Don Juan se distinguía por su seriedad y conocimientos, todavía con la carga de la herida de la derrota republicana española, que lo había convertido en mexicano. Con su tradicional bonhomía, nos auxilió a los noveles y aclaraba las dudas que nos despertaba el mundo de las ideas al que nos introducía don Edmundo y nos instaba a hacer lecturas imprescindibles.

Desde el principio me acerqué a él e incluso frecuentó a mi familia, gracias a lo cual supe de su llegada a nuestro país, su destino inicial en Chiapas, en una hacienda cafetalera de un alemán que pudo calibrar su potencial y lo patrocinó para hacer estudios superiores en Ciudad de México. Así que volvió a la capital y se inscribió en la Normal Superior. Tuvo mala suerte, porque poco después, con la declaración de guerra al Eje en 1942, el gobierno mexicano ocupó bienes y fortuna del cafetalero y don Juan tuvo que ganarse la vida como pudo para seguir estudiando.

El mismo 1952, don Juan Ortega recibió su maestría y doctorado. Asistí a su brillante examen doctoral, calificado con un magna cum laude. El tema de su tesis fue uno que le rondaría a lo largo de su vida: El horizonte de la evangelización anglosajona en Norteamérica. Don Juan, como todos los discípulos tempranos de don Edmundo, tuvo que superar agresiones injustas, pero con el cambio a Ciudad Universitaria en 1954 y las reformas académicas logró un profesorado de tiempo completo que lo liberó para dedicarse plenamente a su vocación histórica.

La increíble multiplicación de estudiantes en Ciudad Universitaria hizo que Ortega empezara a apoyar a don Edmundo para corregir trabajos y exámenes, tarea a la que me incorporaría al empezar a dar clase en 1958. Una o dos veces al semestre, don Edmundo nos invitaba a comer a su casa en San Ángel para discutir trabajos y calificaciones, una experiencia inapreciable que me preparó para sustituir a don Edmundo en el curso de Historiografía en 1960, cuando tomó un sabático. Por su parte, don Juan empezó a publicar un Anuario de Historia, del que fui secretaria en los primeros números.

Hacia 1963 O’Gorman decidió concentrarse en su curso de Filosofía de la Historia y su seminario de lectura de textos, y don Juan empezó a dictar el de Historiografía General, junto al de Reforma y Contrarreforma, que le ganó el rumor de que era protestante. Era un maestro increíble: revisaba los trabajos de sus alumnos a consciencia y al margen los comentaba con su peculiar letra y en tinta café, e hizo el milagro de que los estudiantes leyeran autores clásicos. No conocí ningún otro profesor que se desvelara como él, pues amén de corregir errores de fondo, revisaba ortografía y sintaxis.

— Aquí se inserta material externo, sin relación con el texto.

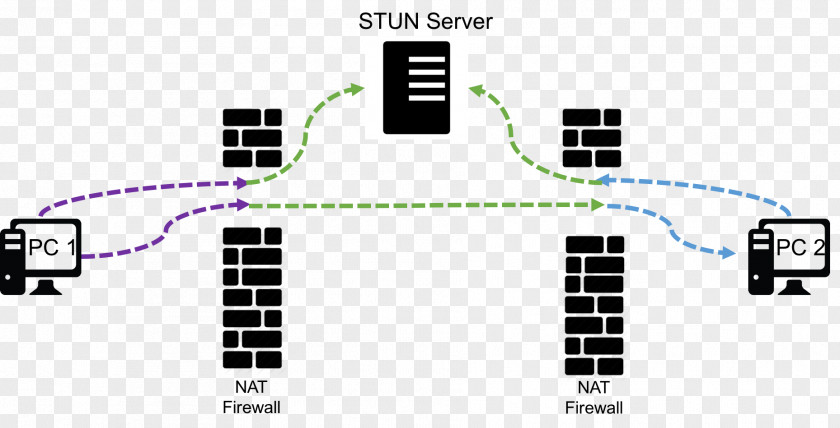Stunning WebRTC STUN Traversal Using Relays Around NAT Communication Protocol Network Address Translation PNG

Dedicó su seminario a temas de historiografía mexicana y en uno de ellos, para facilitar la lectura, le hicimos un índice de nombres a los Documentos para la historia de la Independencia de México de Juan Hernández y Dávalos. Cuando se hizo un facsímil del libro, intenté rescatar ese índice, pero se había perdido a su muerte.

En el seminario que se dedicó a don Carlos María de Bustamante, atribuyó a este la acuñación de mitos y héroes de la Independencia, seguramente inspirado en los mitos de la resistencia española a la invasión napoleónica; así, la leyenda del Niño Artillero de Cuautla le parecía inspirada en la hazaña de Agustina de Aragón. En ese seminario me surgió la idea de seguir el uso de la historia en la educación para generar nacionalismo, tema de mi tesis doctoral, Nacionalismo y educación en México, que me dirigió Ortega.

Mis estudios de especialización en Historia de Estados Unidos en la Universidad de Harvard me acercaron a otros temas que le apasionaban: la comparación de la monarquía hispánica con el imperio inglés y sus colonizaciones, y la evangelización católica con el puritanismo y su herencia política, lo que nos llevaría a encargarnos del Centro de Estudios Angloamericanos fundado por Leopoldo Zea. Gracias a los contactos hechos en Harvard, el apoyo de la agregaduría cultural de la embajada de Estados Unidos, de Reino Unido, Canadá y Australia, obtuvimos libros, becas para estudiar inglés en el Instituto Mexicano-Norteamericano y para hacer posgrados en universidades estadounidenses y recibir a profesores visitantes. Por desgracia, prejuicios antinorteamericanos de una Guerra Fría trasnochada fueron causa de su clausura.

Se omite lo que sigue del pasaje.